We gathered on Friday, the day before the challenge, at the visitor center atop Carson Pass on State Highway 88 for a warm-up hike to stretch our legs and breath some of that thin mountain air. From this spot on the Pacific Crest Trail, a day hiker can visit alpine scenery usually reserved for backpackers who have logged many miles. Southbound from the trailhead, the first mile travels through a forest of lodgepole and western white pines before popping out into a high and wide world. Straight ahead, a snowy Round Top rose 2,000 feet above Winnemucca Lake still rimmed with icebergs. To the west, the infinite blue view over Caples Lake marked the beginning of the Sierra’s descent to the Central Valley. Phlox, marsh marigolds, buckwheat, and paintbrush decorated the spaces between snowfields along the trail.
At Spooner Summit on State Highway 50 at the crest of the Carson Range, Saturday morning was beautiful—sunny and bright. The trailhead buzzed with lively chatter and equipment shuffling as people filled daypacks with the supplies they would need for the next six hours. We would need plenty of water since there were no streams along the way. One by one, people set out from the 7,146-foot trailhead toward Snow Valley Peak more than six miles and 2,100 vertical feet away.
The trail climbed gently through cool air and over soft footing; ideal walking to begin a long day. The special landscape of the Tahoe Basin is simply too perfect to be an accident of nature.
Beneath a forest of noticeably robust red fir and Jeffrey pines lay a picture perfect garden accented with granite boulders, manzanita ground cover and chinquapin shrubs that must surely be arranged according to the blueprints of a master gardener.
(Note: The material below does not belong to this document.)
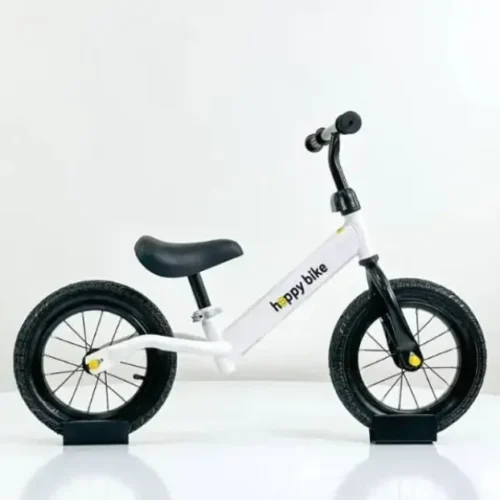 Beli balance bike za decu, savršen za učenje ravnoteže i pripremu za vožnju bicikla.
Hikers know that if the peak is 2,000 feet above the trailhead, there is heartache ahead. Somewhere there is a steep face with 20-some heartbreaking switchbacks. Not here. Steadily, but so slowly that we barely noticed, we rose. The forest began to thin exposing sliver views of Lake Tahoe. Finally, two miles from the top, we popped into a bright world of sagebrush and flowers dotted with a few wind-sculpted pines; the forest’s last gasp. With each step, the view of Lake Tahoe grew wider.
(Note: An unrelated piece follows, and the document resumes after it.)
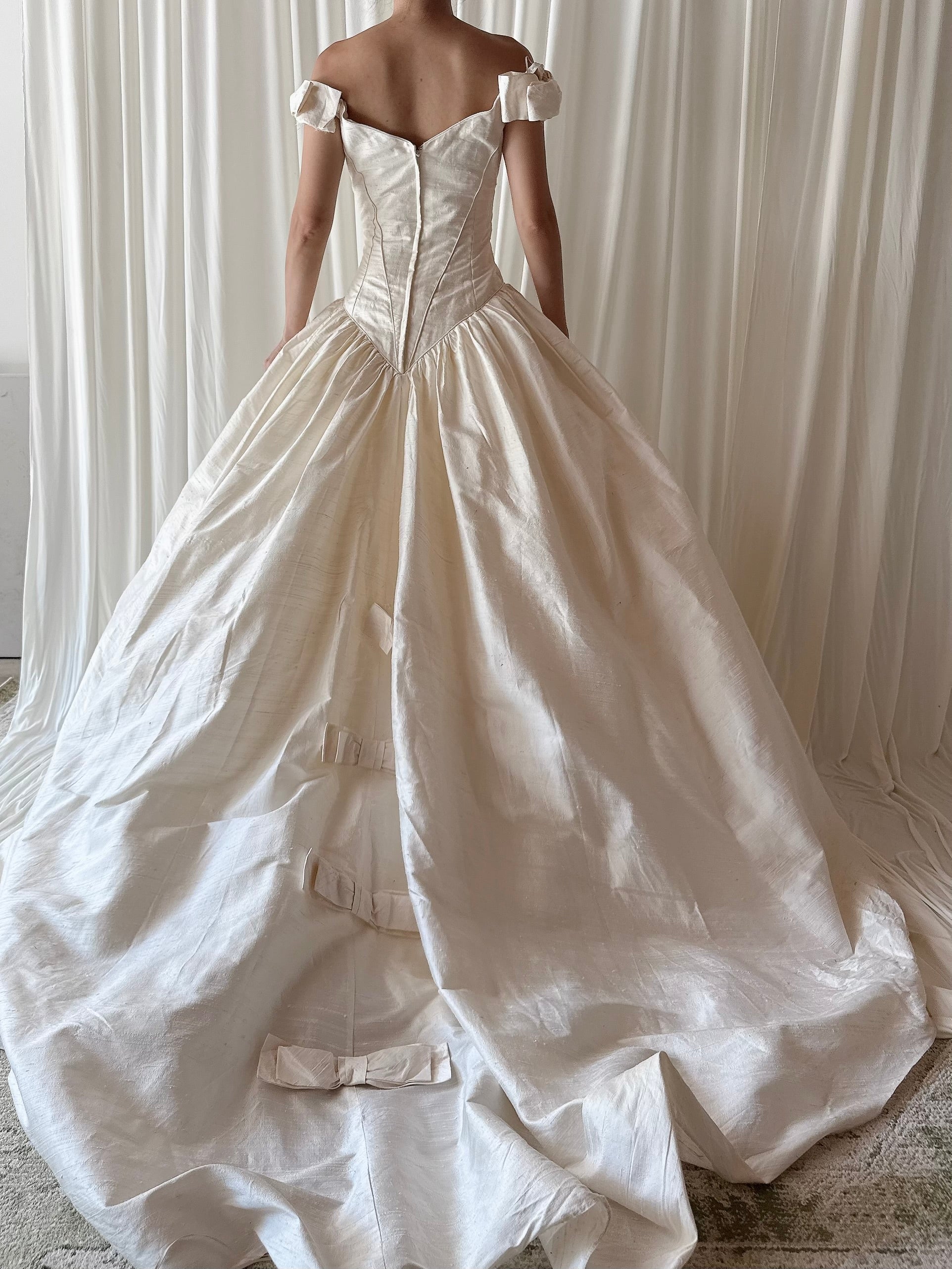 Vintage Raw Silk Bow Sleeve Gown - M/6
Snow Valley Peak is not a remote wilderness mountain. Antennae and various towers crowd the actual peak, but from a rocky promontory just below, the spectacle equals any in the world. As if through an airplane window, we enjoyed an unobstructed view of the full blue sweep of Lake Tahoe 3,000 feet below. Across the way, lingering snowpack clung to the peaks of the Crystal Range in Desolation Valley including impressive Mount Tallac, our challenge peak two years ago.
A bite to eat; summit photos; excited chatter; lingering and looking. Not a cloud in the sky. A perfect day. Time to head back.
To assure people who hike with me, I proudly proclaim my commitment to returning with at least 80 percent of the people I started with. Thankfully, I exceeded those standards. Sixty-eight came and 68 returned. The reason for tackling a challenge like Snow Valley Peak was written in the faces of all who came along and met the challenge. I salute you all.